Annotated photo localization data:
################

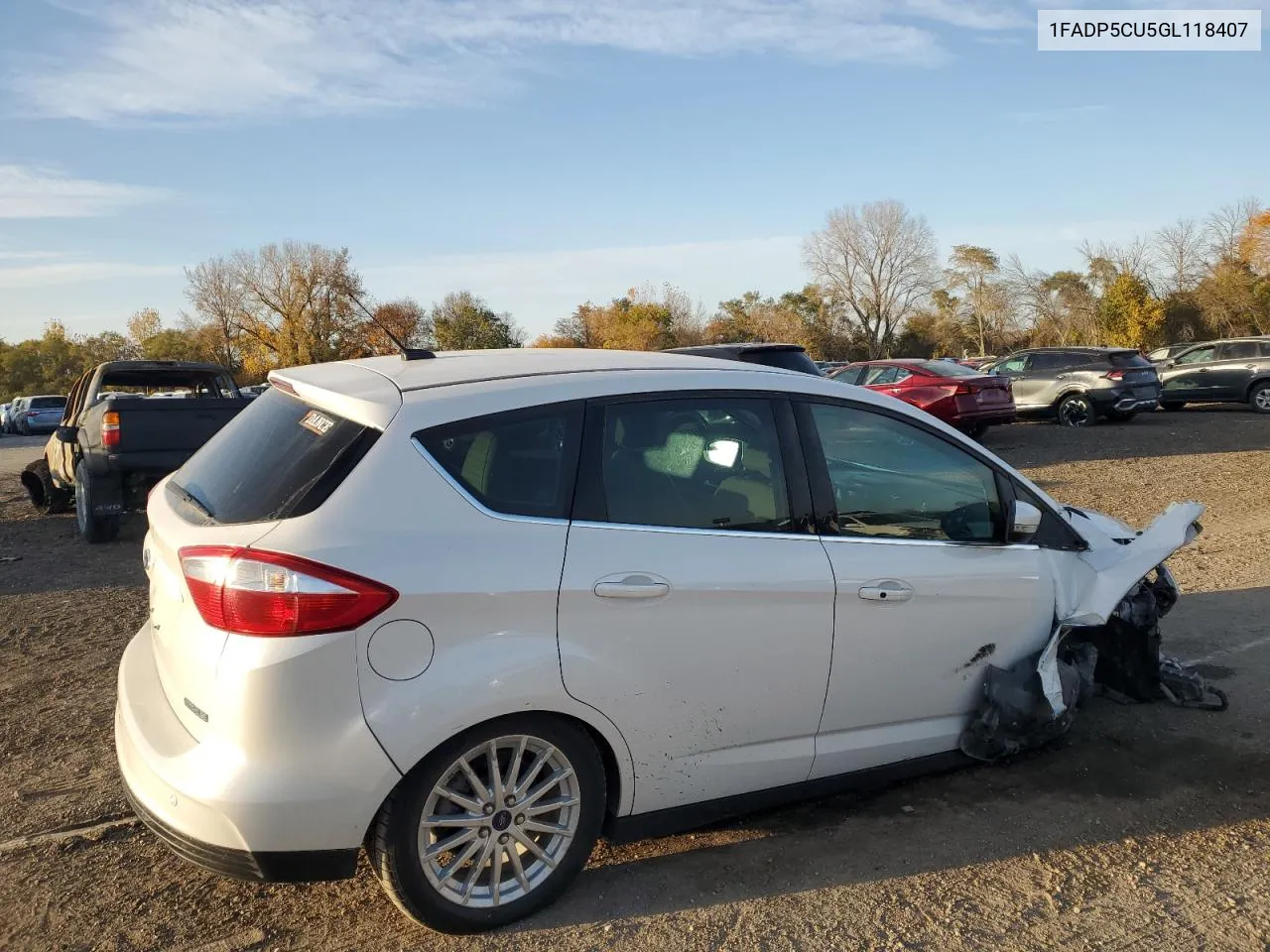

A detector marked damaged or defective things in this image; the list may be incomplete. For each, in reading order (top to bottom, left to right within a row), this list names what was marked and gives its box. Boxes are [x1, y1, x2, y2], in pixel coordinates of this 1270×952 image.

severe front damage [956, 502, 1222, 762]
crumpled hood [1048, 502, 1206, 627]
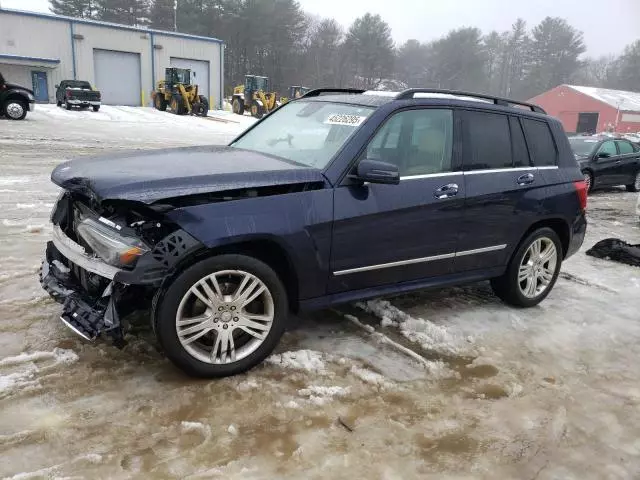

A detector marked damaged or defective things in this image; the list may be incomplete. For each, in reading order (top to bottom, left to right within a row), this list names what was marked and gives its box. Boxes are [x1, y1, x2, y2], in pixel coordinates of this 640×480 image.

broken headlight housing [76, 218, 150, 268]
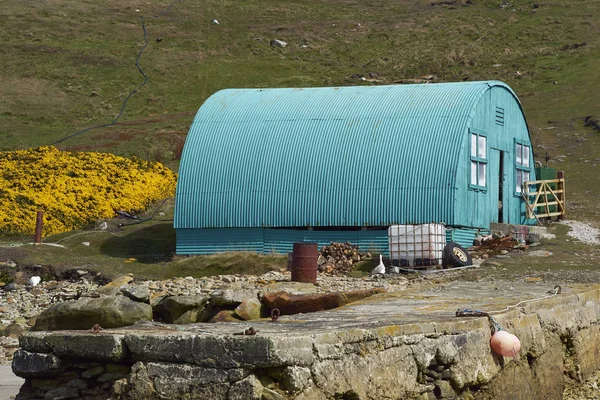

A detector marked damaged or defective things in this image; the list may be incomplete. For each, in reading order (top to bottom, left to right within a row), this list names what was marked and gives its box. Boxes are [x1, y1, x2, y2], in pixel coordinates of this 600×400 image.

rusty orange barrel [290, 242, 318, 282]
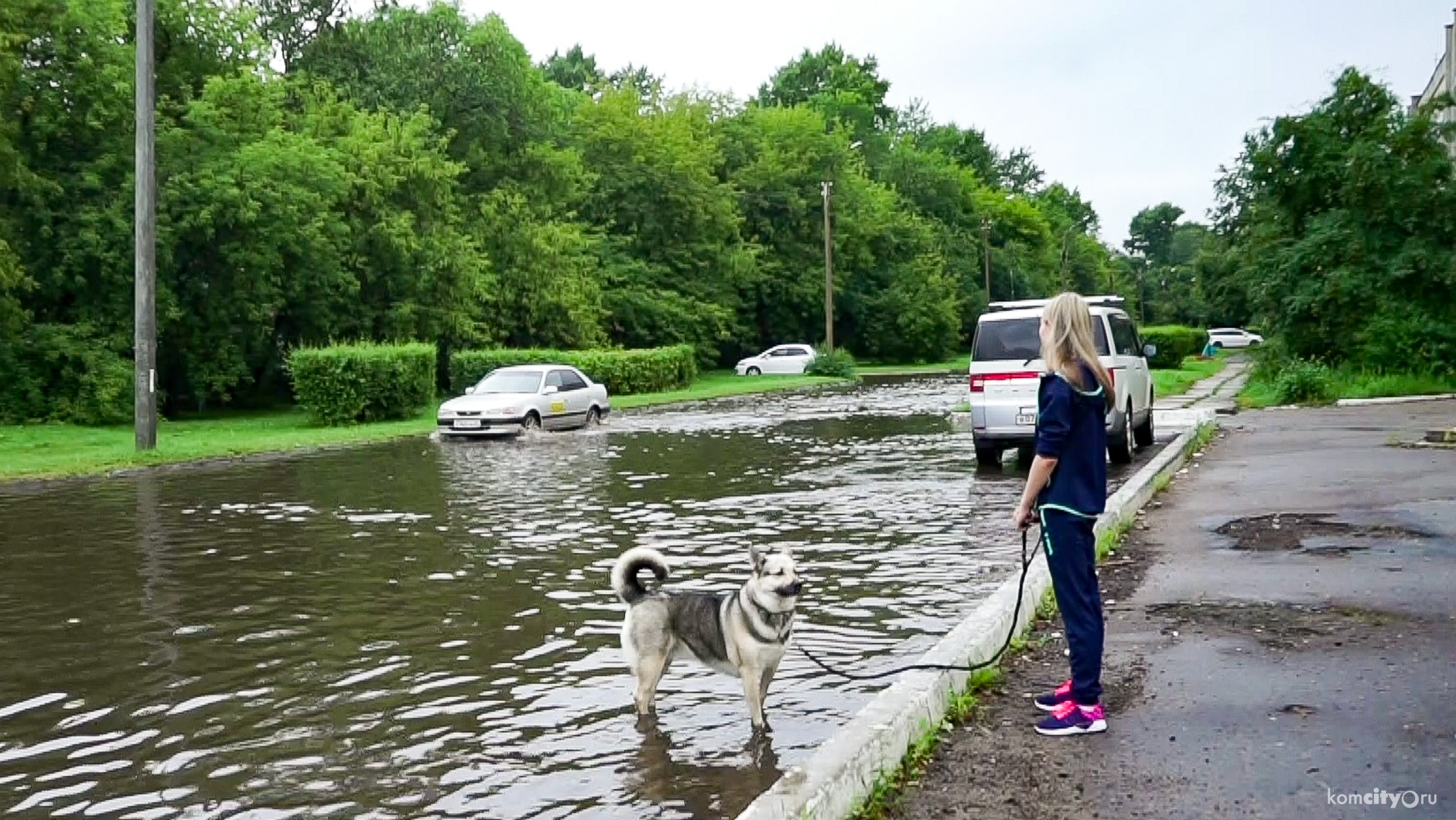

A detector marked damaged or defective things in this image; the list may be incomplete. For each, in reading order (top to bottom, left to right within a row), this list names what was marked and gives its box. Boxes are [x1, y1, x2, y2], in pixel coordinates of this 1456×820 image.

road pothole [1213, 507, 1417, 551]
road pothole [1145, 597, 1411, 647]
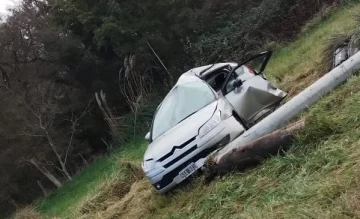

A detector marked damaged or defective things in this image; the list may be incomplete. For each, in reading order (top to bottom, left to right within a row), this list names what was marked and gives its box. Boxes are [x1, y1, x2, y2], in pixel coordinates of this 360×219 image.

shattered windshield [152, 81, 217, 139]
crashed car [141, 50, 286, 192]
dented car body [142, 51, 286, 192]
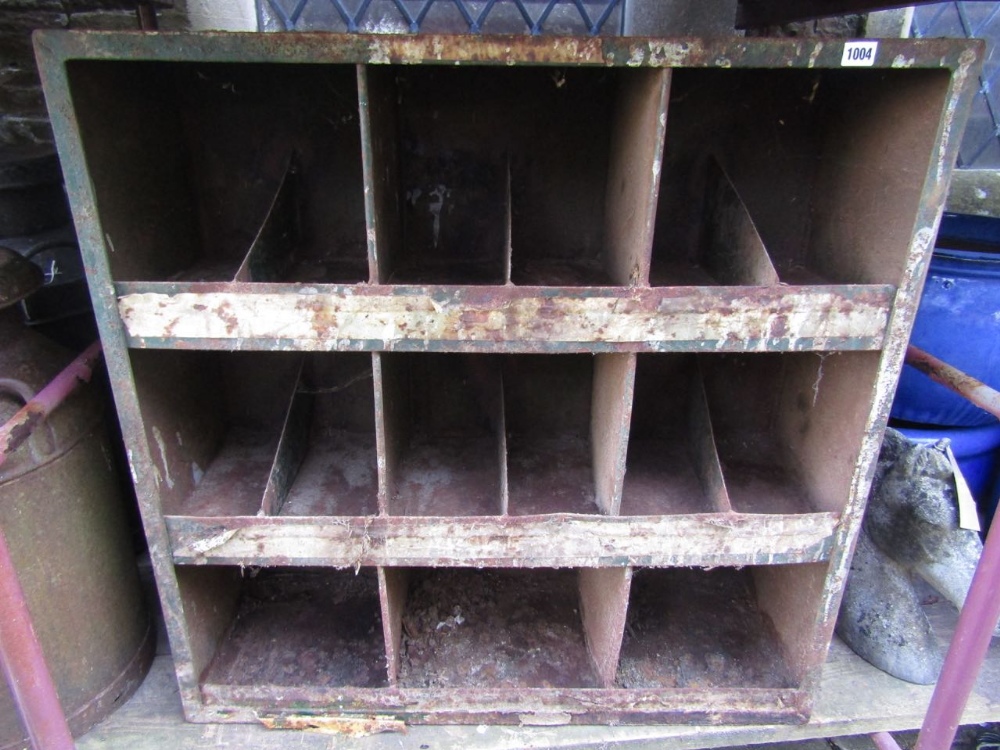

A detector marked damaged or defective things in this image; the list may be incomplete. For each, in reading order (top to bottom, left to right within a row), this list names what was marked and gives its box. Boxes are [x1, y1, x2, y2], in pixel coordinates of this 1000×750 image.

rusted metal surface [117, 284, 892, 354]
rusted metal surface [168, 512, 840, 568]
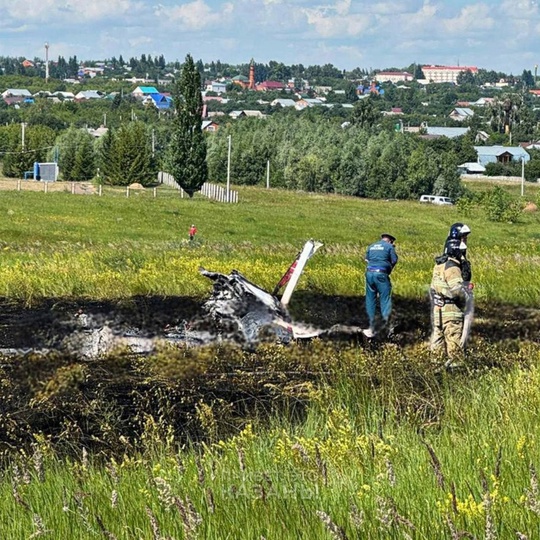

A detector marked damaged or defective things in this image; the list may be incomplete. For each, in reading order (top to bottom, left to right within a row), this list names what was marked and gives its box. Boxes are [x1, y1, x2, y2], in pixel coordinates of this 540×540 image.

broken white tail fin [278, 239, 320, 306]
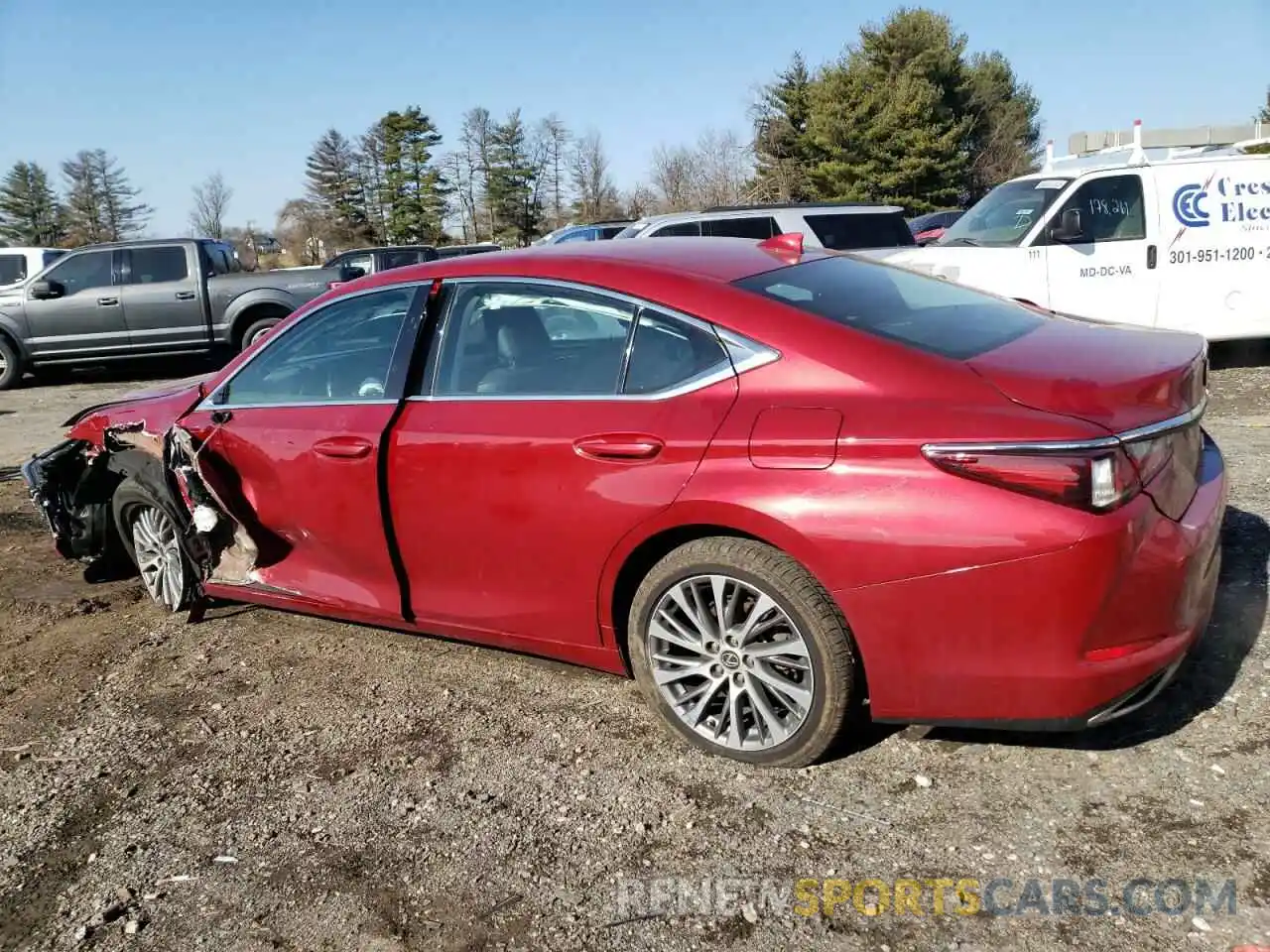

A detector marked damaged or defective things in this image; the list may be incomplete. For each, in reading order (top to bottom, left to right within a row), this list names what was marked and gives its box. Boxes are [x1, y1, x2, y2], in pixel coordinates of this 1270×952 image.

damaged red lexus [20, 236, 1222, 766]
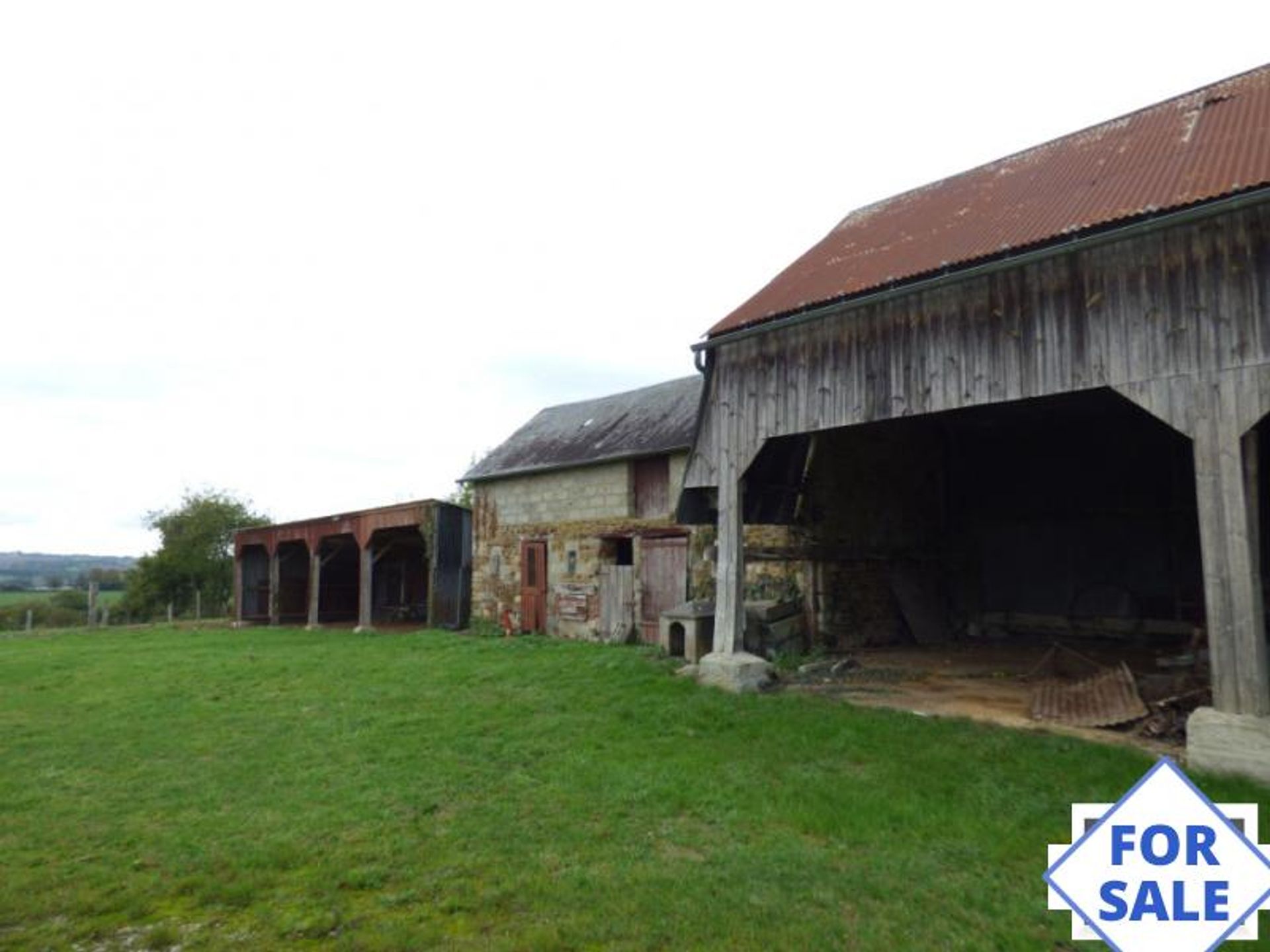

################

§ Your assignment: All lines from the one containing "this 1456×820 image." through the end of the entries above must be given again exactly, with every picture omitted.

§ Written solution:
A detector marked damaged or defective things in this image; the list may be incomplete. For each, in reading order (top to bottom, left to right within a row), this list names what was marked and gives its box. Boxes are [x1, y1, x2, y2], in pixel coordinates of this 1456×820 image.

road pothole [1213, 507, 1417, 551]
road pothole [1145, 597, 1411, 647]

A detector marked damaged or defective things in this image; the list may be incomplete. For each, in reading order (top to bottom, left to right within a row), this list names what was marked and gives its box. Boxes are [x1, y1, x2, y2], in pixel coordinates of this 360×219 image.

shattered windshield [152, 81, 217, 139]
crashed car [141, 50, 286, 192]
dented car body [142, 51, 286, 192]

A detector marked damaged or defective things in this image; the list may be incomplete. For each, in reading order (top to bottom, left to right within a row), this list names what was marked and gives its box. Boxes are [x1, y1, x2, y2], in pixel coordinates of this 1000×750 image.

rusted metal surface [117, 284, 892, 354]
rusted metal surface [168, 512, 840, 568]

A detector marked damaged or defective things in this image; the list may be incomplete. For each, in reading order (top to bottom, left to right within a row), this list names what was marked and gives its box. Boxes are [x1, y1, x2, y2], in pixel coordinates of this 540×540 image.

broken white tail fin [278, 239, 320, 306]

A detector marked damaged or defective things in this image; the list may be incomplete. For each, in reading order (top to bottom, left to right within a row), this list names what was marked and gives its box. Boxes are [x1, y1, x2, y2], in pixel coordinates of this 1270×952 image.

damaged red lexus [20, 236, 1222, 766]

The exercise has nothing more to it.